自分を正当化するために、過去を利用することは見苦しい

このコラムを読んでいただいている皆さんの多くは「年だから」というセリフが似合わないと信じていますが、それでも少しずつキャリアを重ねていくと頭の中が固くなってしまいます。

そうなると、他の人の考えが受け入れられなくなってきたり、周囲からの指摘に耳を貸せなくなってきたり、自らの誤りを認められなくなってきたりと、厄介な状況を引き起こしてしまう。そういう辛い事態に直面した時に、自分を正当化するため、つまりは失敗を積極的に認めないと決めた際に便利なのが“過去の自分”なのです。

「あの時、私はこう決意した」
「私の原点はあそこであり、それがブレることはない」
「迷った時には最初に戻って、その時の自分に問うことが肝心」

……頭の中はこんな感じでしょうか。もちろん、こうした問いかけが功を奏する場合もあるでしょう。しかし、このタイミングで周囲から指摘を受けて厳しい事態にぶち当たっているとしたら、自分をもっと疑ったほうがいい。

「私にもそんな風に考えた時代がありました」

コラム冒頭のこのセリフ。後輩を責めるために言うべき言葉ではありません。独り言としてボソッとつぶやいて、新しい考えを持ち、先に進んでいく選択をしたほうが得策である――というケースも少なくないのです。

「朝令暮改」上司はダメ上司の代表格?

今までの自分をある意味で否定して、新しい考えに基づいて行動する。こうすることに躊躇(ちゅうちょ)する理由の一つに「これまでと言っていることが違っているじゃないか」という非難にどう対応するのか、その方法が分からないことが挙げられるでしょう。かつて朝令暮改の指示をする上司は、仕事ができない、もしくは信用のおけない人の代表格のようなものでしたから。

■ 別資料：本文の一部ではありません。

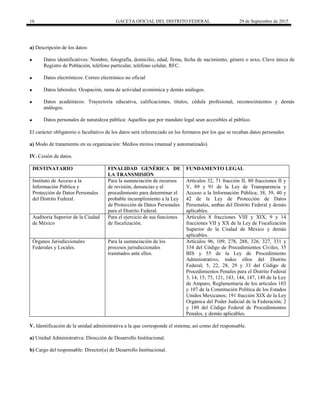 16 GACETA OFICIAL DEL DISTRITO FEDERAL 29 de Septiembre de 2015
a) Descripción de los datos:
 Datos identificativos: Nombre, fotografía, domicilio, edad, firma, fecha de nacimiento, género o sexo, Clave única de
Registro de Población, teléfono particular, teléfono celular, RFC.
 Datos electrónicos: Correo electrónico no oficial
 Datos laborales: Ocupación, rama de actividad económica y demás análogos.
 Datos académicos: Trayectoria educativa, calificaciones, títulos, cédula profesional, reconocimientos y demás
análogos.
 Datos personales de naturaleza pública: Aquellos que por mandato legal sean accesibles al público.
El carácter obligatorio o facultativo de los datos será referenciado en los formatos por los que se recaban datos personales
a) Modo de tratamiento en su organización: Medios mixtos (manual y automatizado).
IV. Cesión de datos.
DESTINATARIO FINALIDAD GENÉRICA DE
LA TRANSMISIÓN
FUNDAMENTO LEGAL
Instituto de Acceso a la
Información Pública y
Protección de Datos Personales
del Distrito Federal.
Para la sustanciación de recursos
de revisión, denuncias y el
procedimiento para determinar el
probable incumplimiento a la Ley
de Protección de Datos Personales
para el Distrito Federal.
Artículos 32, 71 fracción II, 80 fracciones II y
V, 89 y 91 de la Ley de Transparencia y
Acceso a la Información Pública; 38, 39, 40 y
42 de la Ley de Protección de Datos
Personales, ambas del Distrito Federal y demás
aplicables.
Auditoria Superior de la Ciudad
de México
Para el ejercicio de sus funciones
de fiscalización.
Artículos 8 fracciones VIII y XIX, 9 y 14
fracciones VII y XX de la Ley de Fiscalización
Superior de la Ciudad de México y demás
aplicables.
Órganos Jurisdiccionales
Federales y Locales.
Para la sustanciación de los
procesos jurisdiccionales
tramitados ante ellos.
Artículos 96, 109, 278, 288, 326, 327, 331 y
334 del Código de Procedimientos Civiles; 35
BIS y 55 de la Ley de Procedimiento
Administrativo, todos ellos del Distrito
Federal; 5, 22, 28, 29 y 33 del Código de
Procedimientos Penales para el Distrito Federal
3, 14, 15, 75, 121, 143, 144, 147, 149 de la Ley
de Amparo, Reglamentaria de los artículos 103
y 107 de la Constitución Política de los Estados
Unidos Mexicanos; 191 fracción XIX de la Ley
Orgánica del Poder Judicial de la Federación; 2
y 180 del Código Federal de Procedimientos
Penales, y demás aplicables.
V. Identificación de la unidad administrativa a la que corresponde el sistema; así como del responsable.
a) Unidad Administrativa: Dirección de Desarrollo Institucional.
b) Cargo del responsable: Director(a) de Desarrollo Institucional.
 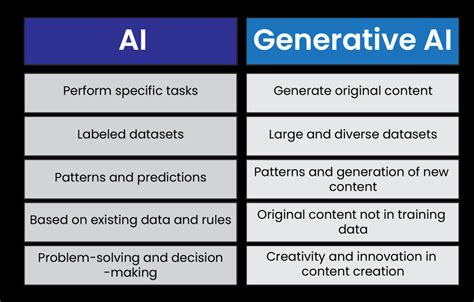 Understanding the Difference Between AI and Generative AI - ONE ...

言うことがコロコロ変わる「朝令暮改」上司は、ダメ上司の代表格……?

ただ、その風潮は緩やかに変わりつつあります。「自分が発言した言葉には責任を持つ」。かつてはこう言うとかっこいい感じがしましたが、今は違います。過去に言ったことにこだわりすぎて、状況判断や意思決定が遅くなったり、その結果仕事自体が大きく失敗したりすることが多い時代になりつつあるからです。失敗は積極的に認め、逐次必要な判断をし、その場その場に応じた指示を出す。そうできる人が、仕事で認められる時代になったということなのかもしれません。

だからというのも変ですが、自分自身のことに関しても、もっと朝令暮改になってもいいのかもしれません。周囲は「言っていることがコロコロ変わる人だな」と思うかもしれませんが、自分にとっての最適解は、そんな簡単には見つかるものではありませんから。良いと思ったことは積極的に取り入れて、日々進化する(場合によっては退化してしまうかもしれませんが)くらいの気持ちを持っていることが大切だと、私は思っています。